_GIVEN DATA_
◇ ◇ ◇ ◇

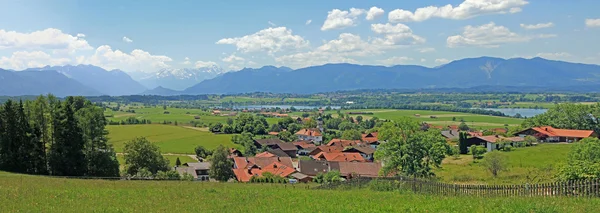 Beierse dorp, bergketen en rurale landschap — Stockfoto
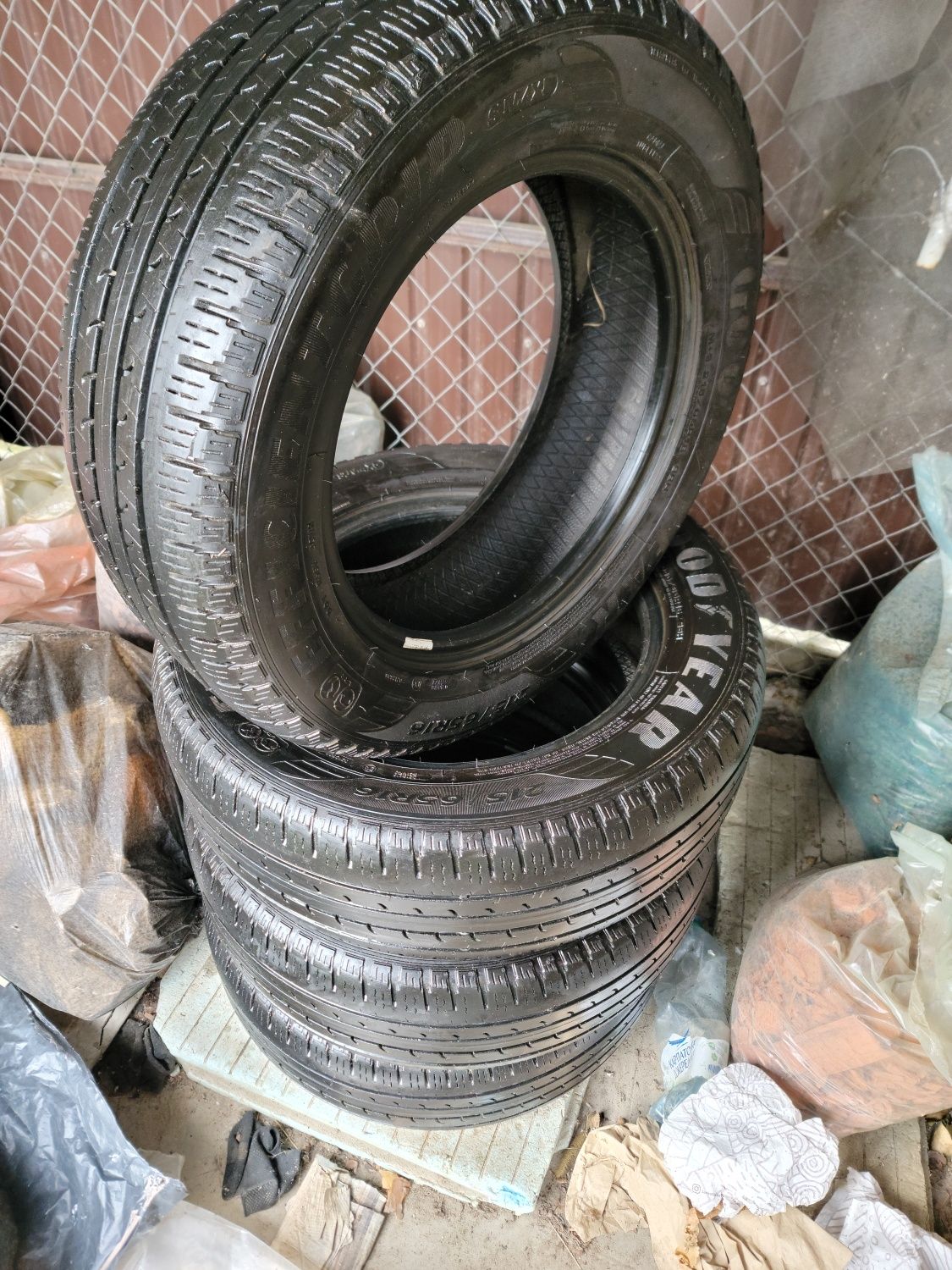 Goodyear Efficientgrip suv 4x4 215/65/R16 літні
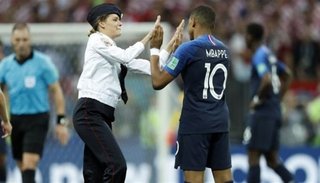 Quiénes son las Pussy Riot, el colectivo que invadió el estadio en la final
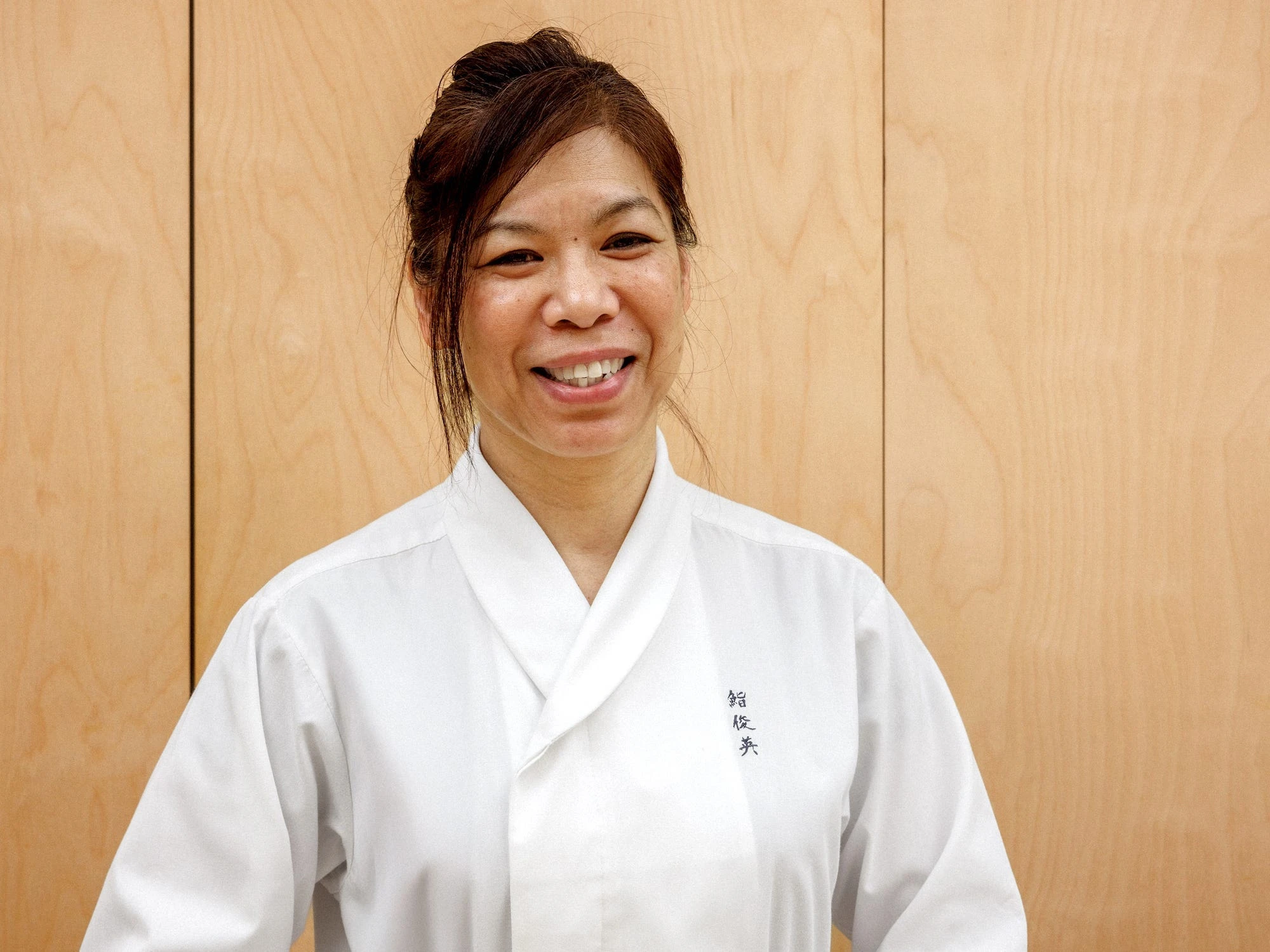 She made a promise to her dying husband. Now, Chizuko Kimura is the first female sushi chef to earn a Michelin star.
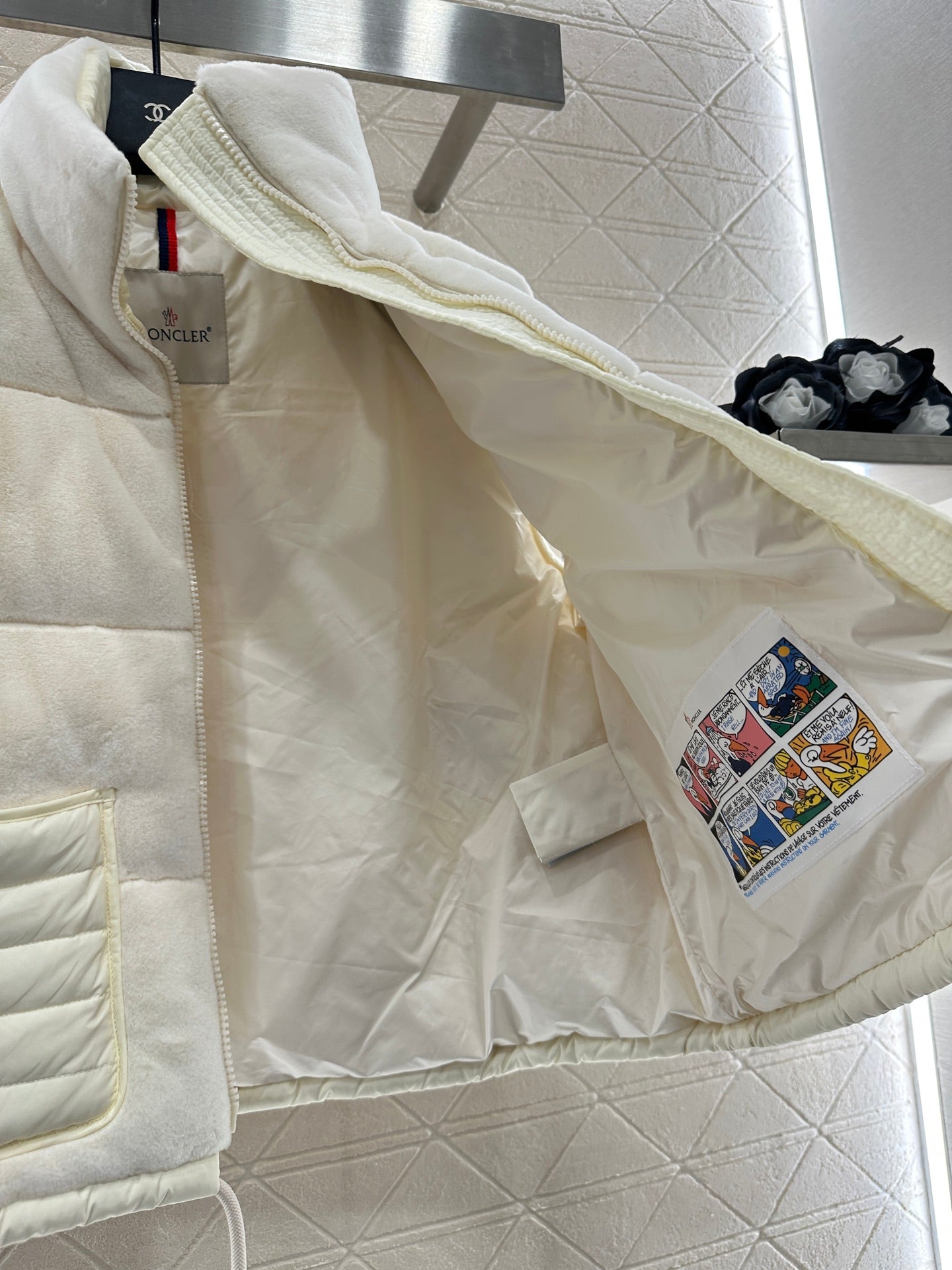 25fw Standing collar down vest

◇ ◇ ◇ ◇

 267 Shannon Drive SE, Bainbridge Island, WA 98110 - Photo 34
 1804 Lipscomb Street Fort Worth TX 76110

◇ ◇ ◇ ◇

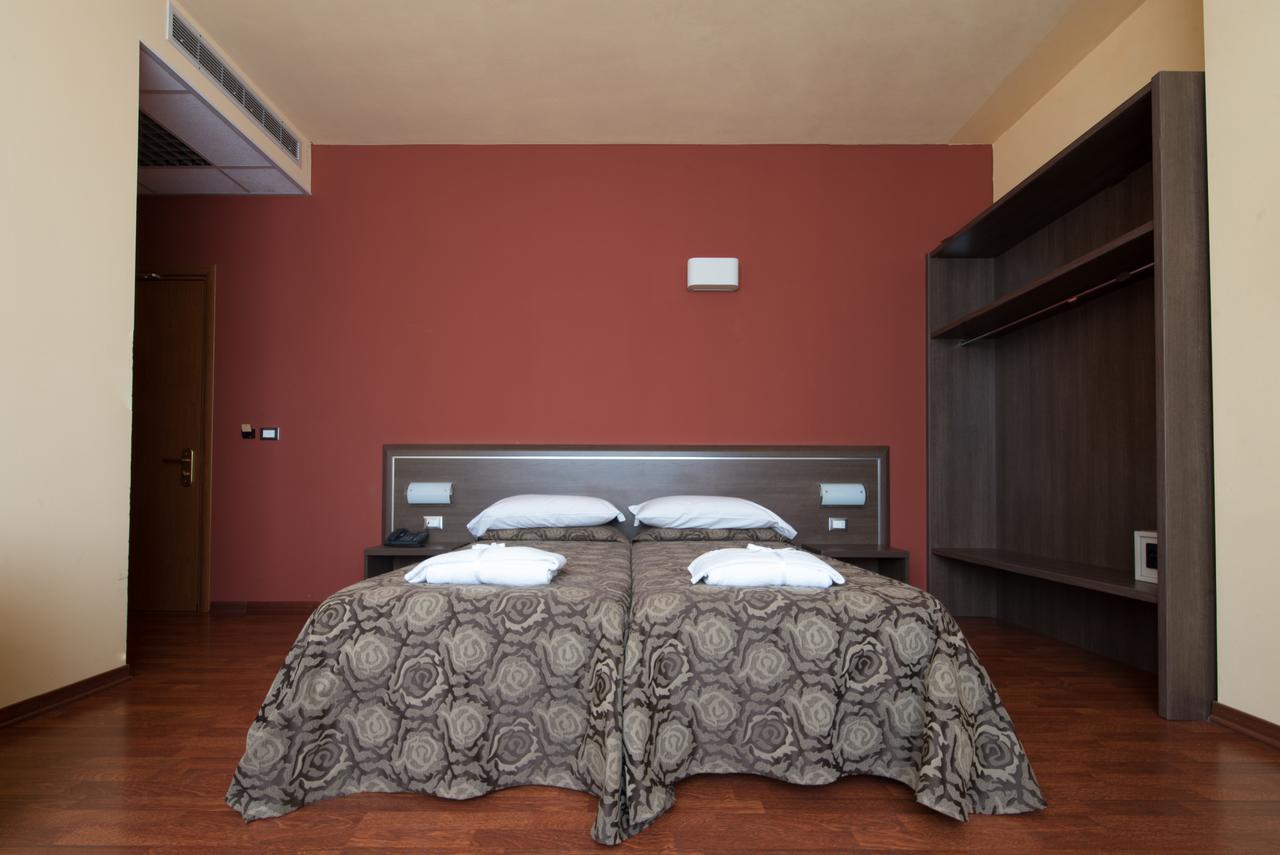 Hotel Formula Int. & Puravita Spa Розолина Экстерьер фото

◇ ◇ ◇ ◇

_ASSIGNMENT_
Copy back the listing above exactly, but only from the line with "267 Shannon Drive" through the line with "1804 Lipscomb Street Fort Worth TX 76110", both ends included.

_EXERCISE RESPONSE_
 267 Shannon Drive SE, Bainbridge Island, WA 98110 - Photo 34
 1804 Lipscomb Street Fort Worth TX 76110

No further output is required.